• _Exercise brief_: Starting from the line in which "Bouteille d'eau verte" appears, output every line down to the last line of the data below, exactly and without anything more.

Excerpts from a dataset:

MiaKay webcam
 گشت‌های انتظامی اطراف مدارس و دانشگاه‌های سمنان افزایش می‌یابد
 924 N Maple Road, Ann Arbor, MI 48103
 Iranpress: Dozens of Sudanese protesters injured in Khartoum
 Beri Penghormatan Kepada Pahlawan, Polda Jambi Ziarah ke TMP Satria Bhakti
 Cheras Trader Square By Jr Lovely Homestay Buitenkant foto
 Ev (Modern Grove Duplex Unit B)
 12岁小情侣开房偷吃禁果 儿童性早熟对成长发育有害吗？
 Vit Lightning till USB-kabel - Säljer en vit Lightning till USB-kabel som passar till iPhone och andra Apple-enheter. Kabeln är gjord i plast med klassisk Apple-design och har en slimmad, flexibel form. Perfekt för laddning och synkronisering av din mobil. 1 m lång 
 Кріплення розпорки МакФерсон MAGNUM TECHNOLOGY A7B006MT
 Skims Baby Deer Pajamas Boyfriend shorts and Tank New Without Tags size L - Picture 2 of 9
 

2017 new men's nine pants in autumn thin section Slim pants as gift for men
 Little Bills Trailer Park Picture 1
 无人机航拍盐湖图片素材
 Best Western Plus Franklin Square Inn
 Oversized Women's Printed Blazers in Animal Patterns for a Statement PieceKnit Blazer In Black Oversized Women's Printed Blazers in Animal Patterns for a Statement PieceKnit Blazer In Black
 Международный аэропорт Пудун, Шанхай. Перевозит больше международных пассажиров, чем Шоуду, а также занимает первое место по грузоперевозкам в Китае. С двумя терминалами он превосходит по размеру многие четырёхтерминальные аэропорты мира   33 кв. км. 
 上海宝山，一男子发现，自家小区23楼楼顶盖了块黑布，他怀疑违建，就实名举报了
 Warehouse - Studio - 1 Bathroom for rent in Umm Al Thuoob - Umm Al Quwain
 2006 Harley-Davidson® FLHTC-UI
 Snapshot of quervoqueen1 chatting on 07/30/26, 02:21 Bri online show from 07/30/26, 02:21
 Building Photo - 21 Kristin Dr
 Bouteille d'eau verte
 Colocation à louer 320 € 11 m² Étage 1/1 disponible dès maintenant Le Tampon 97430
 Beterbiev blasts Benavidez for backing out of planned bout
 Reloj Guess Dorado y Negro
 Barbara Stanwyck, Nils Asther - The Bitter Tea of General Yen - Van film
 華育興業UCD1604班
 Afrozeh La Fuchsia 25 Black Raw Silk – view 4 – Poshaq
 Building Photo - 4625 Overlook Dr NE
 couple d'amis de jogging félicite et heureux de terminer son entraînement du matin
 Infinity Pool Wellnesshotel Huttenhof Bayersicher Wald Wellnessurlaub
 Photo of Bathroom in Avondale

• _Solved exercise_:
 Bouteille d'eau verte
 Colocation à louer 320 € 11 m² Étage 1/1 disponible dès maintenant Le Tampon 97430
 Beterbiev blasts Benavidez for backing out of planned bout
 Reloj Guess Dorado y Negro
 Barbara Stanwyck, Nils Asther - The Bitter Tea of General Yen - Van film
 華育興業UCD1604班
 Afrozeh La Fuchsia 25 Black Raw Silk – view 4 – Poshaq
 Building Photo - 4625 Overlook Dr NE
 couple d'amis de jogging félicite et heureux de terminer son entraînement du matin
 Infinity Pool Wellnesshotel Huttenhof Bayersicher Wald Wellnessurlaub
 Photo of Bathroom in Avondale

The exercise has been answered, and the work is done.